#### Provided entries:
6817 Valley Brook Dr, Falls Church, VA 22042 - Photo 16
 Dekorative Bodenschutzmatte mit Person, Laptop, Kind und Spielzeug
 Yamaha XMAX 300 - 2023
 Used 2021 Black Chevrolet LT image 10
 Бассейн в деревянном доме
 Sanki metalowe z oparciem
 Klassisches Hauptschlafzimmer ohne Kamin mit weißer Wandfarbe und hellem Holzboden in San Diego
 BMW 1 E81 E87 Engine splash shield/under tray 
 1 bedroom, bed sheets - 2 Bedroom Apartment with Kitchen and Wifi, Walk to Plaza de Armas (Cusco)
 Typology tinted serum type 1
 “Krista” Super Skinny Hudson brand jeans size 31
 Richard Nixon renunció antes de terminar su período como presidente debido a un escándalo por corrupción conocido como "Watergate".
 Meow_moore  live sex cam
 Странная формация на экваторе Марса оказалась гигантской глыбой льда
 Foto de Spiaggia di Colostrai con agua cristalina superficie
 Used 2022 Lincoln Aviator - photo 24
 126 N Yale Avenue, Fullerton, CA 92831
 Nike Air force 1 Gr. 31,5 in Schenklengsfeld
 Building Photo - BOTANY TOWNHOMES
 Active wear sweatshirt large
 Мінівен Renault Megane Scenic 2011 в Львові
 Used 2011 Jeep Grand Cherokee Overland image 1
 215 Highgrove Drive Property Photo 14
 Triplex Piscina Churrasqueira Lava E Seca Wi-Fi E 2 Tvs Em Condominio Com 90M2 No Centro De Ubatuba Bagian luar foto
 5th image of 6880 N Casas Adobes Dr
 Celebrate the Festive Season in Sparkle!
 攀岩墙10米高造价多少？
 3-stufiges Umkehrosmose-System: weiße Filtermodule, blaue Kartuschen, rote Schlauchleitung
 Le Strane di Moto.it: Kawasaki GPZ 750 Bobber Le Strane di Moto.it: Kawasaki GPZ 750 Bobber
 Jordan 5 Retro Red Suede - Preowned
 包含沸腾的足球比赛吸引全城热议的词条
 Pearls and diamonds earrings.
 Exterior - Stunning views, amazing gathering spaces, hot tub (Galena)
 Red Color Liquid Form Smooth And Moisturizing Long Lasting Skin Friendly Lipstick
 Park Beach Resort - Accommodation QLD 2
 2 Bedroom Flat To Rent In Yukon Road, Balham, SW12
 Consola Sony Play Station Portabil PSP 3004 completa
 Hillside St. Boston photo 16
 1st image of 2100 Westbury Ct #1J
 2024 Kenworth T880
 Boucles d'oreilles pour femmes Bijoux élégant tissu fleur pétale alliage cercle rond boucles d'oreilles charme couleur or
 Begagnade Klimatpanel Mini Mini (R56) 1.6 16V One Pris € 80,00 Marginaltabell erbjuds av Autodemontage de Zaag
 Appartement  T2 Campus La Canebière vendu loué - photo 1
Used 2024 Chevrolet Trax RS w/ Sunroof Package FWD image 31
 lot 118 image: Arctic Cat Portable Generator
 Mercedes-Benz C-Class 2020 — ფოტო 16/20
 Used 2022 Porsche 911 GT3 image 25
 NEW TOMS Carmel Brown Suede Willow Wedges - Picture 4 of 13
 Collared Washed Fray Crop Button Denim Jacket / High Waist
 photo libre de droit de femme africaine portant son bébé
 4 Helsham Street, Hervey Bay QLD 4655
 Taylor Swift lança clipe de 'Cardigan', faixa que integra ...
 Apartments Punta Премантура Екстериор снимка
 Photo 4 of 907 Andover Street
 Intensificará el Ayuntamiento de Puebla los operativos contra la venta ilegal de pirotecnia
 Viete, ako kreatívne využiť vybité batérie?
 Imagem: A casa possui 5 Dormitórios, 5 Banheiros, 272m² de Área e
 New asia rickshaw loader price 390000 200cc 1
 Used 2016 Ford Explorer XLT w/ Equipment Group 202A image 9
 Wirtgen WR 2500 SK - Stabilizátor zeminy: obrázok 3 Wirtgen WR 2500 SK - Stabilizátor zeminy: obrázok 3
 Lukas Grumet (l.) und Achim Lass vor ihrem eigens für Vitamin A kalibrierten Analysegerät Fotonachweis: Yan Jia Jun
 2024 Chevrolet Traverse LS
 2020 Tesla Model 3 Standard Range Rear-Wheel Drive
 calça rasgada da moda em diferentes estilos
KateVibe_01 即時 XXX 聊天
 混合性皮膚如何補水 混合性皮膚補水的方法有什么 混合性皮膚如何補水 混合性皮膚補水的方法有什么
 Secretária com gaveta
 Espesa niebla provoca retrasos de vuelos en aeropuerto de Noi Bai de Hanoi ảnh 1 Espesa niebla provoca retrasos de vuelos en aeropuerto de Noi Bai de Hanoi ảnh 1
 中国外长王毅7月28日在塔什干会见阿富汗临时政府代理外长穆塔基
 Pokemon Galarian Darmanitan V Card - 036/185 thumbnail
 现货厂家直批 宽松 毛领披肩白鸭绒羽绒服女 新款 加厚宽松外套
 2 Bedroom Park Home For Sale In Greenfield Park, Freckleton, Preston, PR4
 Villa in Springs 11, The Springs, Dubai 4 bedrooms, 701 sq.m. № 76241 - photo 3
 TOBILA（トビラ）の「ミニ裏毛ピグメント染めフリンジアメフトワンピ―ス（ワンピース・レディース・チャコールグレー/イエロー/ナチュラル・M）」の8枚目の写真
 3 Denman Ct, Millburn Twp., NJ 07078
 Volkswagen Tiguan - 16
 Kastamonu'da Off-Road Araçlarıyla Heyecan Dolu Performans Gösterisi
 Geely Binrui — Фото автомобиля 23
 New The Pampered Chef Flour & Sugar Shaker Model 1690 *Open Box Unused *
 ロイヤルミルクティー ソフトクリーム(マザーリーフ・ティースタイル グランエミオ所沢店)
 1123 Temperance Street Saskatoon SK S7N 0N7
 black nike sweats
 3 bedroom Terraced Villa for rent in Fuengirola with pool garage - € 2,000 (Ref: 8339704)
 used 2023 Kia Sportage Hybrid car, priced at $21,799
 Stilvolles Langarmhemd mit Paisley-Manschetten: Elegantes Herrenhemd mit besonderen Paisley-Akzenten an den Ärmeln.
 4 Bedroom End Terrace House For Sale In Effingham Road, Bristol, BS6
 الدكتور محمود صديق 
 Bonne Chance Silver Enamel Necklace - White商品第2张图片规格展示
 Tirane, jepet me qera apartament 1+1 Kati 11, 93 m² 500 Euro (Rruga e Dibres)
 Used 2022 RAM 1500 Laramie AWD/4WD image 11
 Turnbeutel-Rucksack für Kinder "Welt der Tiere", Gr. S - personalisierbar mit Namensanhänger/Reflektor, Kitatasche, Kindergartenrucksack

#### Instructions for the task:
If a line in the entries above contains "Suede", it counts toward the total; give only that total.

#### Task solution:
2